Back to Cocoindex

Postgres as a *Source*

docs/src/content/example-posts/postgres-source.md

1.0.1312.1 KB
Original Source

Most data already lives in a database. This example takes an existing Postgres table of products, reads it row by row, derives a couple of fields, embeds each row, and writes the result — including the vector — back into Postgres with pgvector. Point it at any table and you have a semantic index over your structured data, kept in sync as the table changes.

The whole pipeline is ordinary async Python and your own types. The heavy lifting — incremental processing, change tracking, managed targets — runs in a Rust engine underneath, so only the rows that changed get re-embedded and re-upserted.

→ View on GitHub

Flow overview

From a high level, these are the steps:

  1. Read product rows from an existing Postgres table with PgTableSource.
  2. For each row, derive a description and a total_value, then embed the description.
  3. Store the enriched rows and their embeddings in Postgres (as target states).

You declare the transformation logic with native Python, without worrying about how updates propagate.

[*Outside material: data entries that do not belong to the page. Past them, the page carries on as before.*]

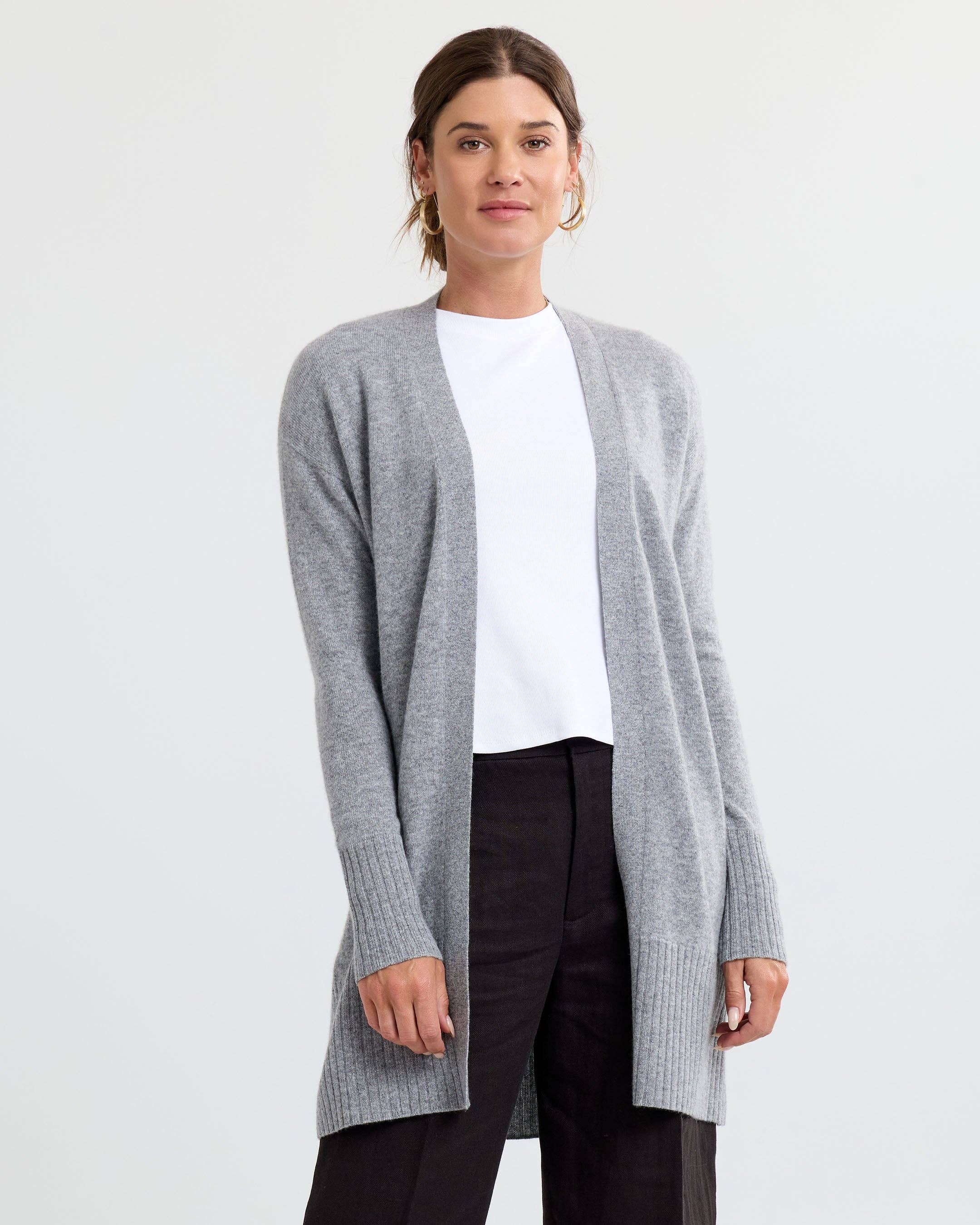 Long Cashmere Cardigan- Stone
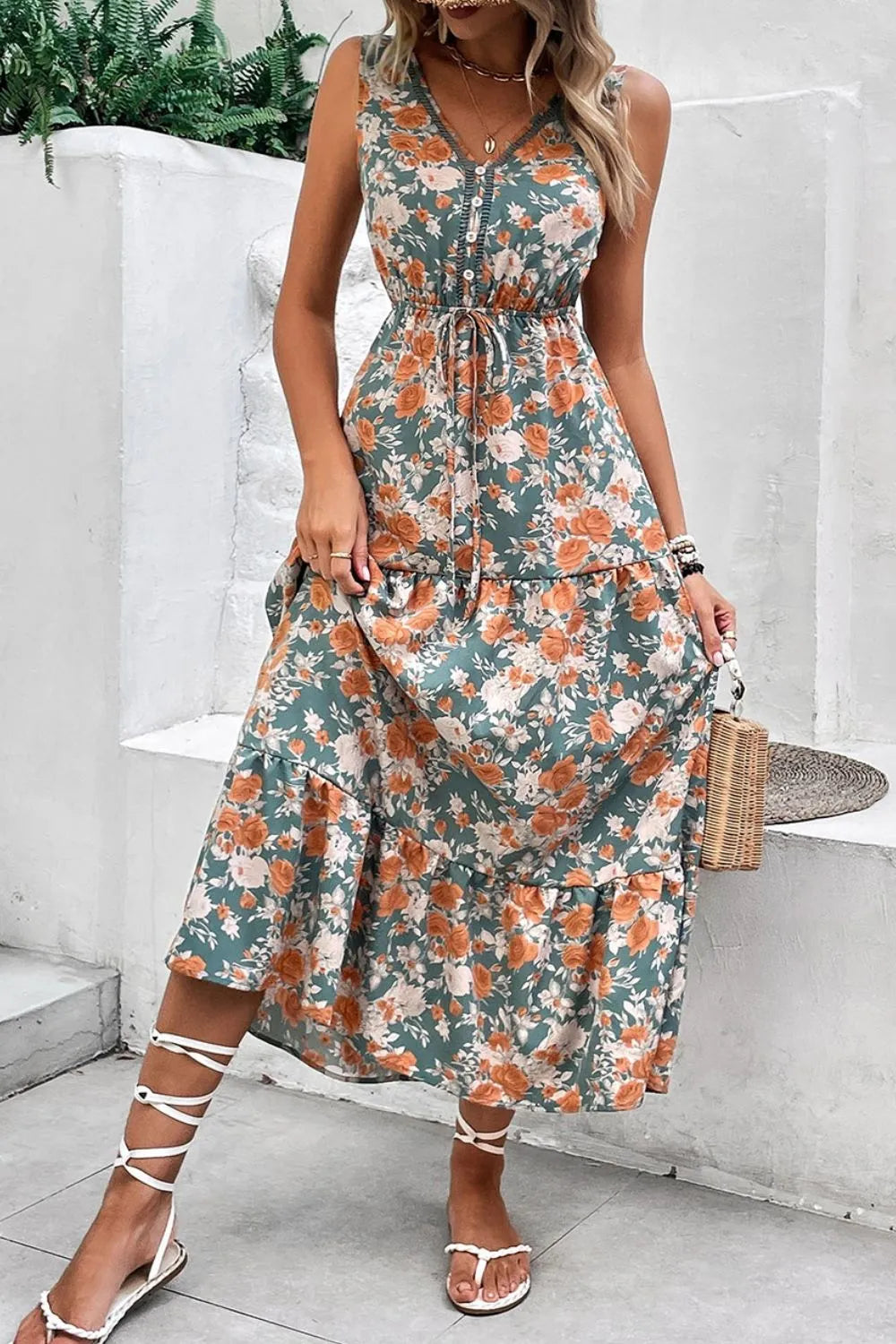 Floral V-Neck Tie-Waist Sleeveless Tiered Dress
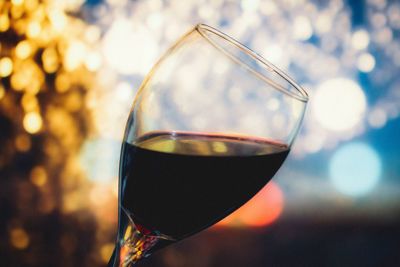 Close-up of wine in glass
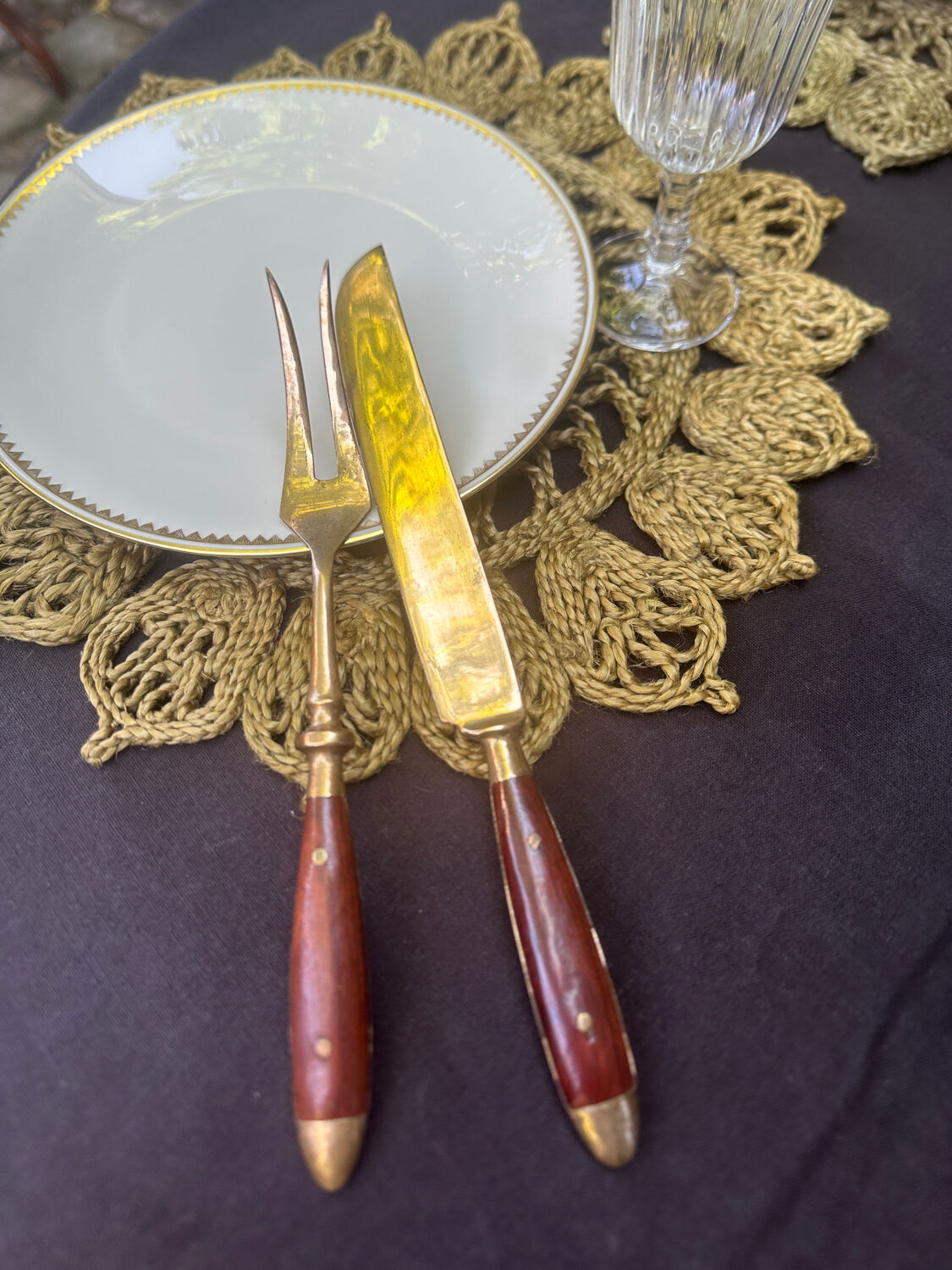 Wood and brass serving utensils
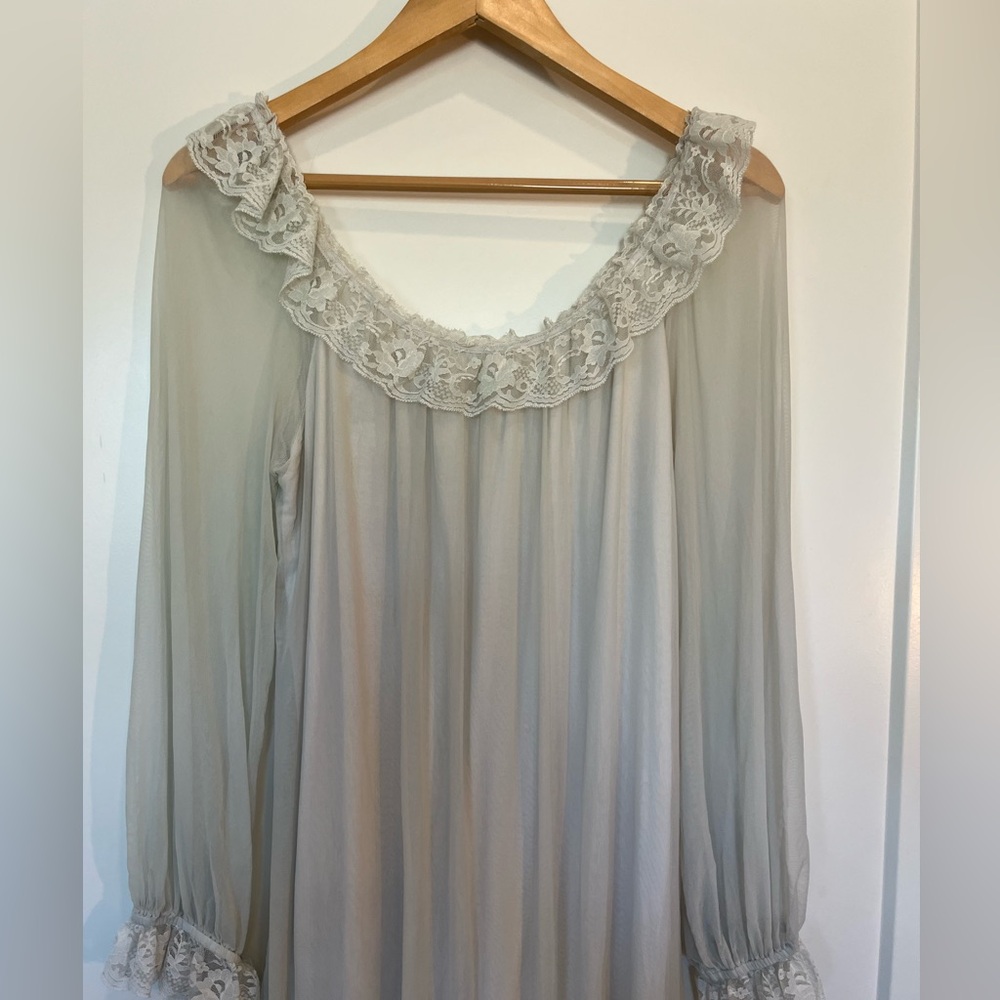 Romantic sheer flowy lace detailing fairycore boho cottagecore maxi dress Sz L - Picture 10 of 12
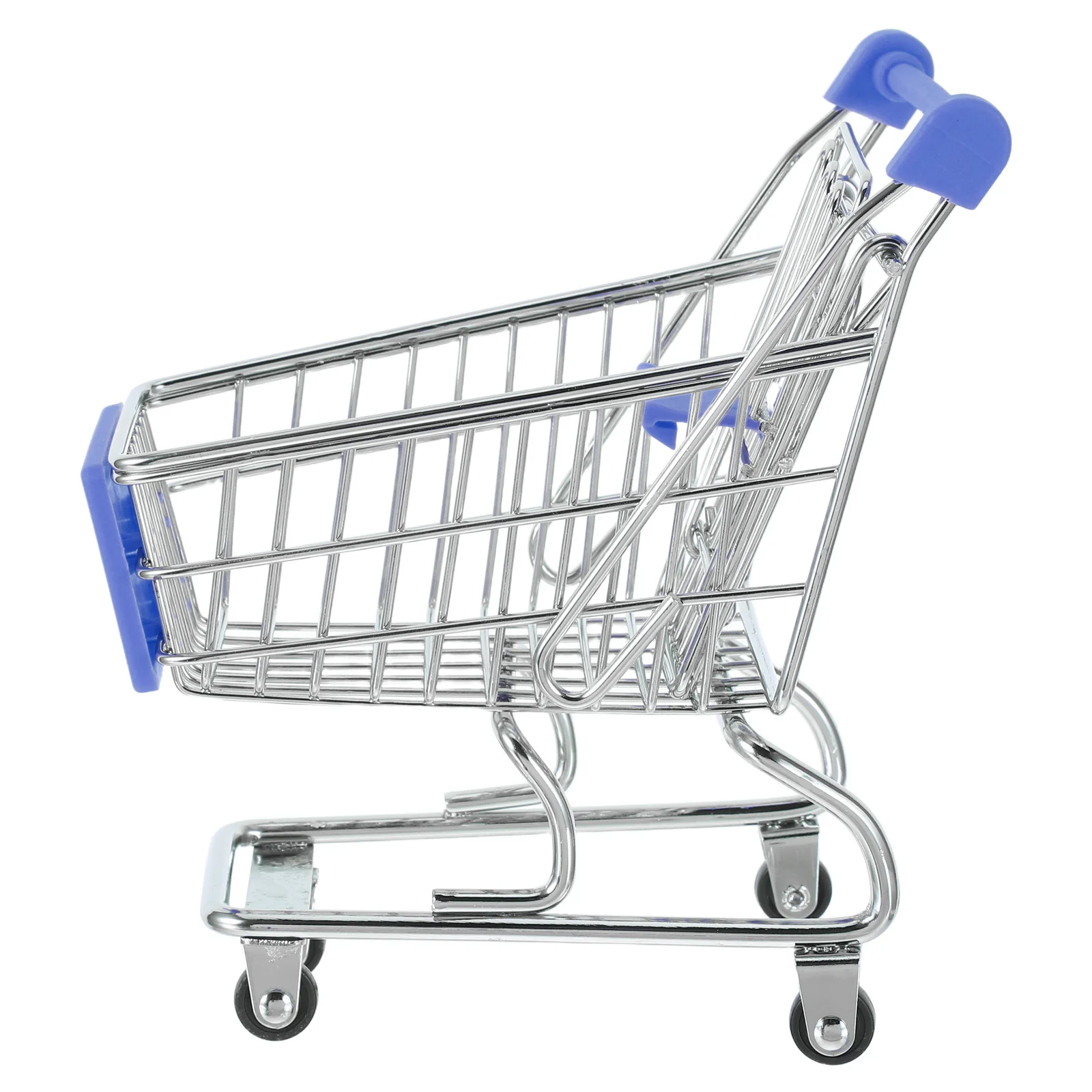 

Mini Shopping Cart Metal Grocery Cart Pretend Play Small Handcart Basket Supermarket Role Play for Kids Office Organizer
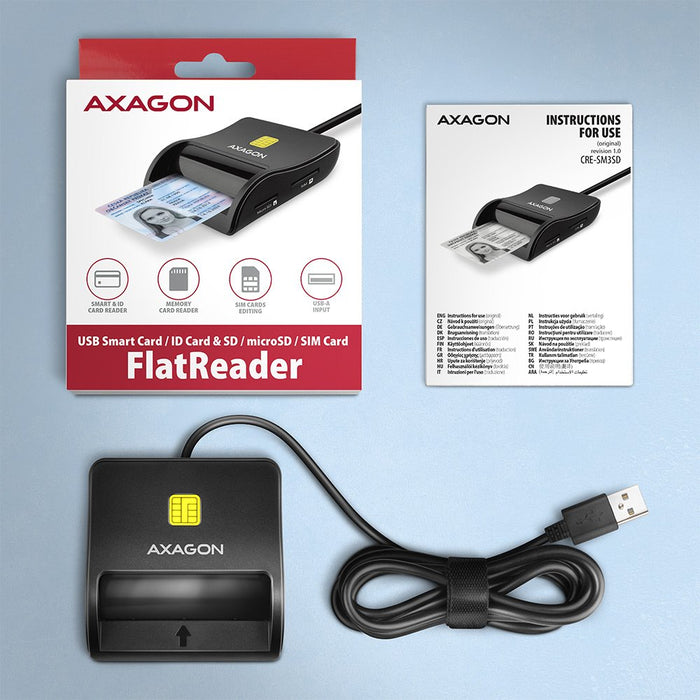 EAN 8595247906922 - Axagon CRE-SM3SD USB Smart card & SD/microSD/SIM Flat lector de tarjeta inteligente Interior USB 2.0 Negr imagen 7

Think: target_state = transformation(source_state).

New to embeddings? An embedding is a list of numbers (a vector) that captures the meaning of a piece of text, so rows with similar meaning land close together in vector space. A vector index stores those vectors and finds the nearest ones to your query fast. That's what lets search match by meaning instead of exact words.

Setup

  • A running Postgres with the pgvector extension. The same instance can hold both the source table and the target — or set SOURCE_DATABASE_URL to read from a separate database.

    sh
    export POSTGRES_URL="postgres://cocoindex:cocoindex@localhost/cocoindex"
    export SOURCE_DATABASE_URL="postgres://cocoindex:cocoindex@localhost/cocoindex"
    
  • Install CocoIndex and the dependencies this example uses:

    sh
    pip install -U "cocoindex[postgres,sentence_transformers]" asyncpg pgvector numpy python-dotenv
    
  • A source table to read from. Create source_products with the sample rows from the repo:

    sh
    psql "$SOURCE_DATABASE_URL" -f ./prepare_source_data.sql
    

Define the data and shared resources

Apps are the top-level runnable unit in CocoIndex. Before the App, we set up the data shapes and the shared resources the rest of the code builds on. SourceProduct describes one row read from the source table; OutputProduct describes one row written to the target, with the two derived fields and the embedding vector. coco_lifespan provides everything every step needs — a Postgres pool for the target, a pool for the source, and the embedding model — once at startup.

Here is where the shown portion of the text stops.